__Exercise description__.
Omit every picture. Return all other data as it stands.

__Given data__.
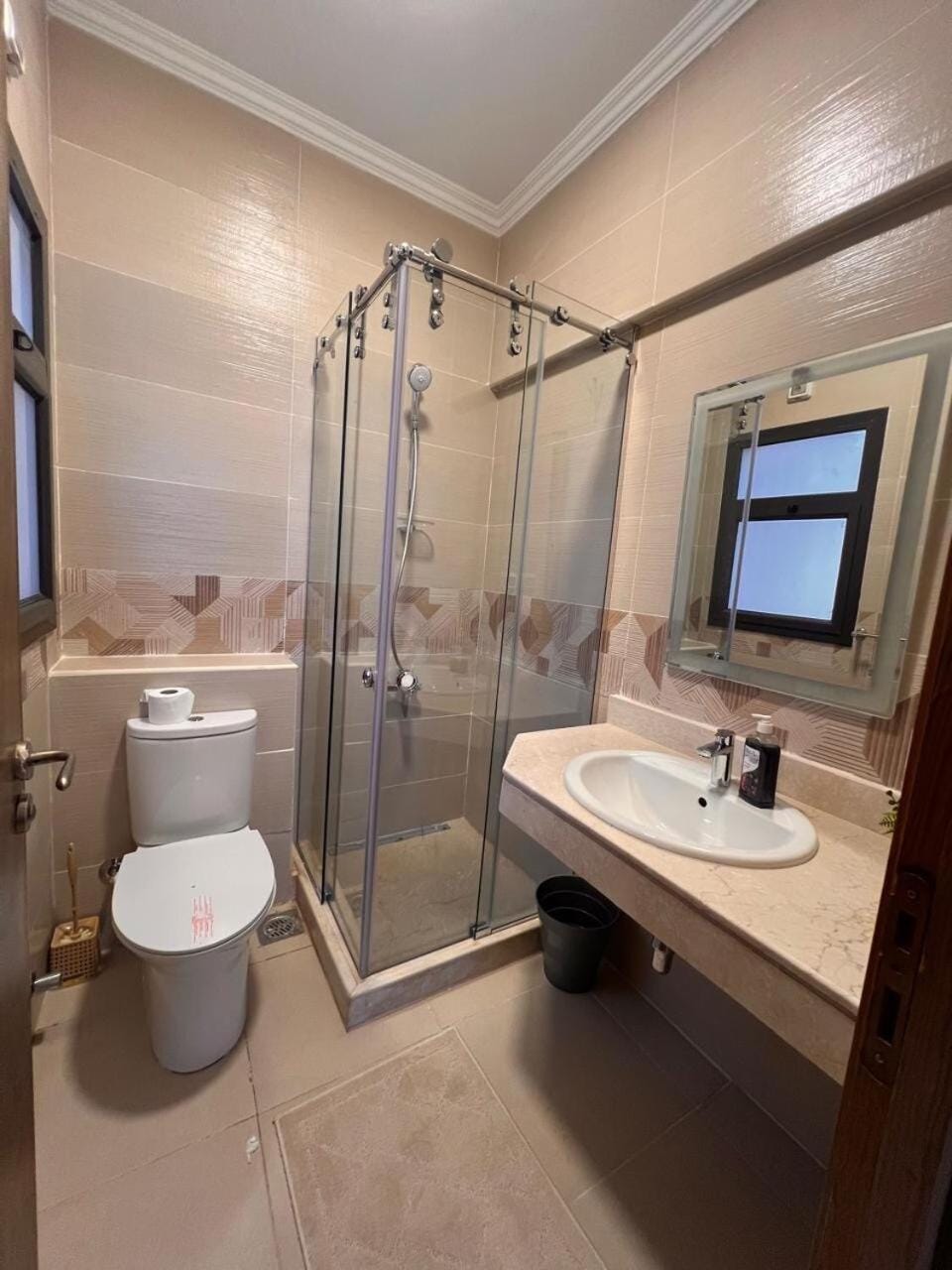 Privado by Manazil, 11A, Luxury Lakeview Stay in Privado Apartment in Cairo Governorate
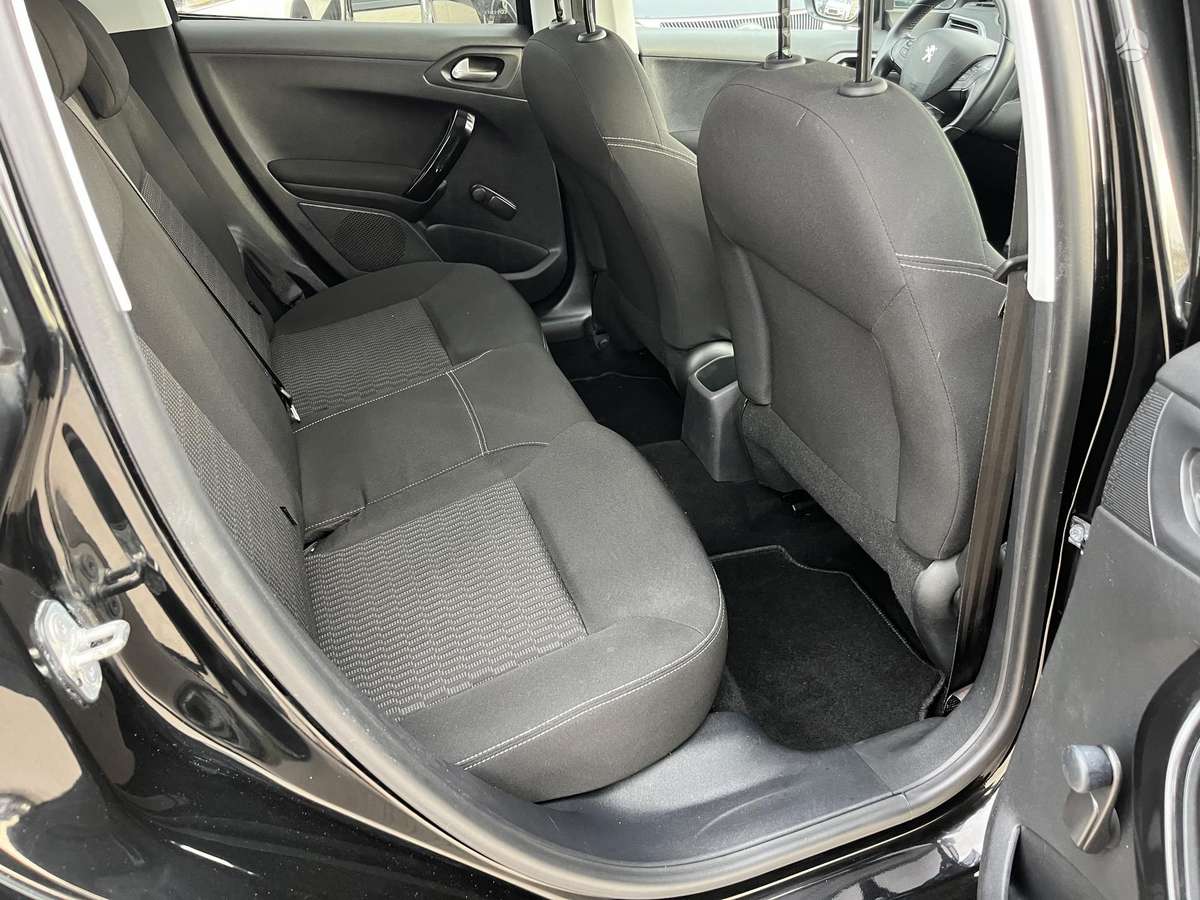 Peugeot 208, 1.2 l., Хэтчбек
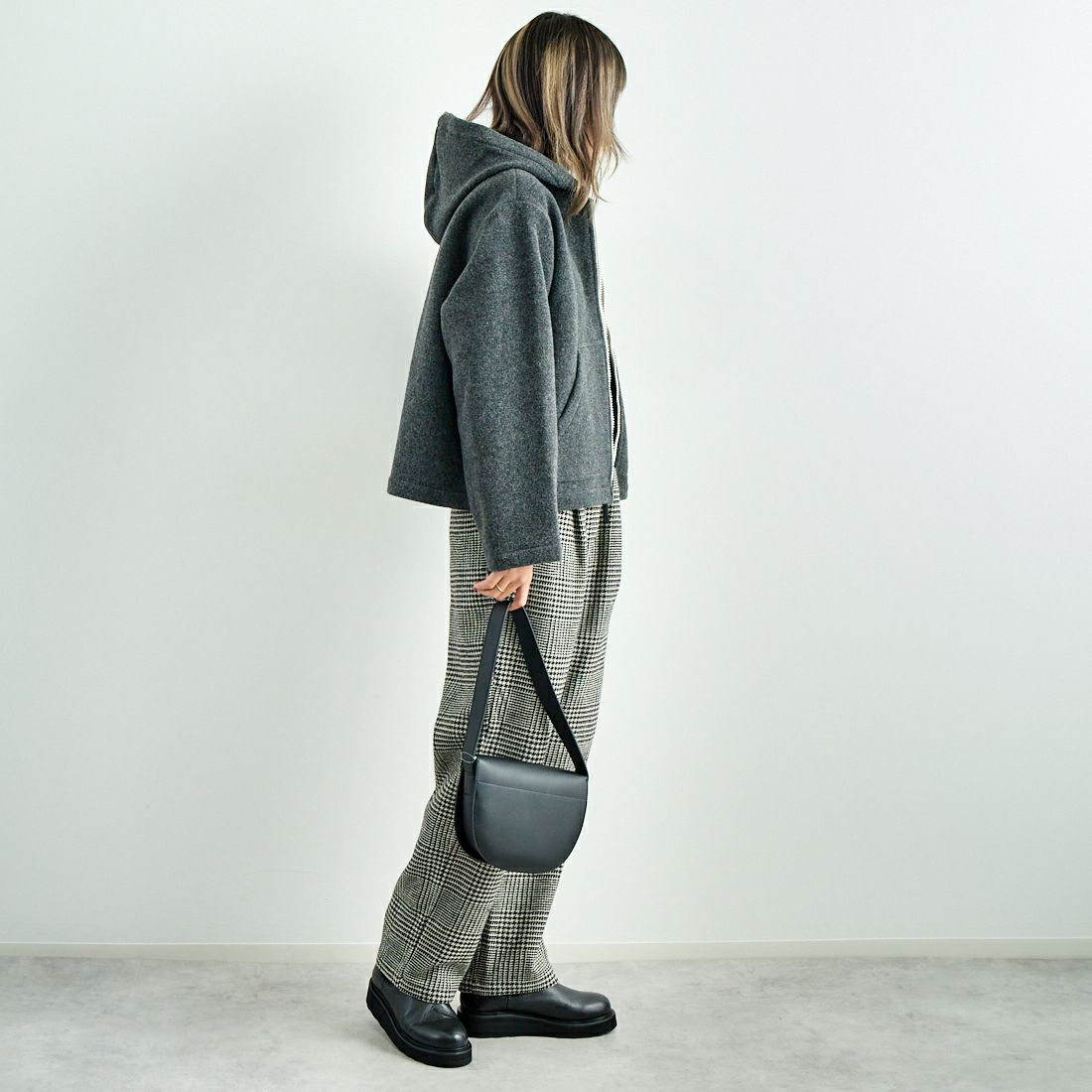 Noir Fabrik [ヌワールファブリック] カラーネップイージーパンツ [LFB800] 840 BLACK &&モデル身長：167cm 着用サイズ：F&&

__Solution to this problem__.
 Privado by Manazil, 11A, Luxury Lakeview Stay in Privado Apartment in Cairo Governorate
 Peugeot 208, 1.2 l., Хэтчбек
 Noir Fabrik [ヌワールファブリック] カラーネップイージーパンツ [LFB800] 840 BLACK &&モデル身長：167cm 着用サイズ：F&&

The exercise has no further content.